• **About this exercise**: After locating the line that holds "Collapsible Top Hat", transcribe it and each following line to the end of the records, changing nothing and adding nothing.

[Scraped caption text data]
"""

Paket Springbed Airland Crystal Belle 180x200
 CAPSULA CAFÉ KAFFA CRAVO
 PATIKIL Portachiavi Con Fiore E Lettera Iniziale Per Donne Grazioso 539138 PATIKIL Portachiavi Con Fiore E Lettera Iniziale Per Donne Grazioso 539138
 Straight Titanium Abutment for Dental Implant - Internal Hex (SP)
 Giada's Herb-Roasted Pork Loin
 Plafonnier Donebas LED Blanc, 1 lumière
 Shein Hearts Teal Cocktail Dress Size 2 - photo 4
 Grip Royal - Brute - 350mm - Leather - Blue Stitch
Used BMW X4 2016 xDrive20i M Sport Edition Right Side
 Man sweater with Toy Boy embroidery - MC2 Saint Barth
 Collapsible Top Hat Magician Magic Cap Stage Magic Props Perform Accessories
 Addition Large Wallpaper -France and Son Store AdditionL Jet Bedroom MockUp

"""

• **Answer box**:
 Collapsible Top Hat Magician Magic Cap Stage Magic Props Perform Accessories
 Addition Large Wallpaper -France and Son Store AdditionL Jet Bedroom MockUp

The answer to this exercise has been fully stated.